Putin to discuss Chechen gay rights with top law enforcers
Vladimir Putin will discuss the rights of gay men in the North Caucasus with the prosecutor general and interior minister, following recent reports of alleged detentions and killings of homosexuals in the Muslim Russian republic of Chechnya.
President Putin gave the assurance during a meeting with Russian Commissioner for Human Rights Tatyana Moskalkova on Friday.
The human rights ombudswoman informed the president that she had filed requests with the Prosecutor's Office and investigative bodies to look into the situation.
Moskalkova asked Putin to order the formation of an interdepartmental task force "to accept public appeals (of mistreatment), if there are any," outside the Chechen Republic.
Currently, inquiries into reports are hampered by the reluctance of alleged victims to identify themselves, Moskalkova said.
“If they are more eager to identify themselves, we’ll be able to protect them and restore their rights,” she said.
The ombudswoman assured the president that Russia has the right mechanisms, including witness protection programs, to safeguard the identity and wellbeing of any alleged victims.
In response, Putin told Moskalkova: "I will certainly talk with the prosecutor general (Yury Chaika) and interior minister (Vladimir Kolokoltsev), so that they will support you on the issue you raised regarding the news or rumors about what’s happening with sexual minorities in the North Caucasus.”
Chechnya’s leader, Ramzan Kadyrov, said later on Friday that the republic’s authorities and law enforcement agencies were eager to assist Moskalkova, the Prosecutor’s Office, and the Interior Ministry in their inquiry “into alleged persecution of sexual minorities.”
Kadyrov again dismissed claims in the report, saying that “the very phenomenon of homosexuality is nonexistent in Chechnya.

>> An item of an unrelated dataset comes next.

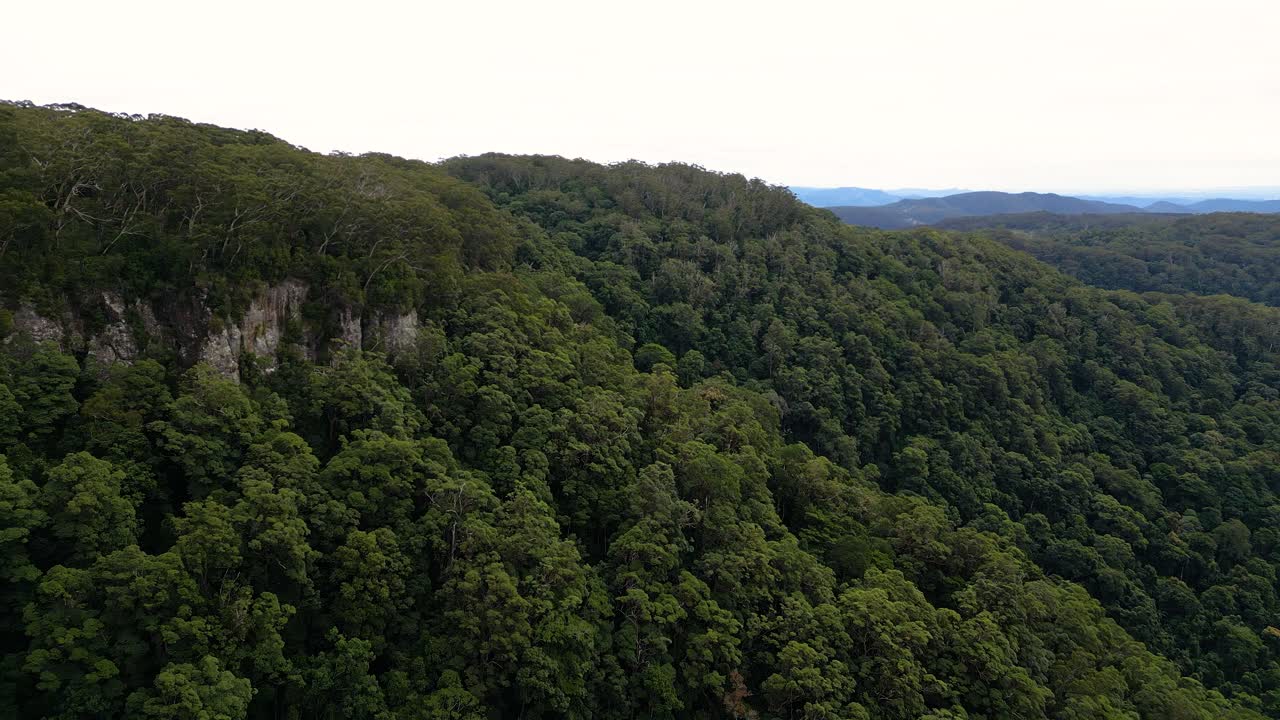 vista aérea en movimiento hacia adelante sobre la sección superior de las cataratas gemelas caminar en el parque nacional de springbrook, gold coast hinterland, queensland, australia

For millennia, the people here lived in accordance to other rules that are prescribed by God and dictated by the norms of moral and ethics in relations between people.”
In early April, Russia’s Novaya Gazeta reported mass detentions, torture and even murder of people suspected of being gay in Chechnya.
Moskalkova questioned the report, however, saying at the time: “I have suspicions that it’s a provocation and false denunciations.”
“What’s happening: are the people really hurt or somebody is trying to speculate on this?” she said, promising to look into the issue.
In mid-April, Chechen Republic head Ramzan Kadyrov dismissed the Novaya Gazeta report in a conversation with President Putin, calling it a provocation against the region.
According to Kadyrov, the person who the paper claimed had been killed due to his sexual orientation was actually “safe and sound” at his home in Chechnya.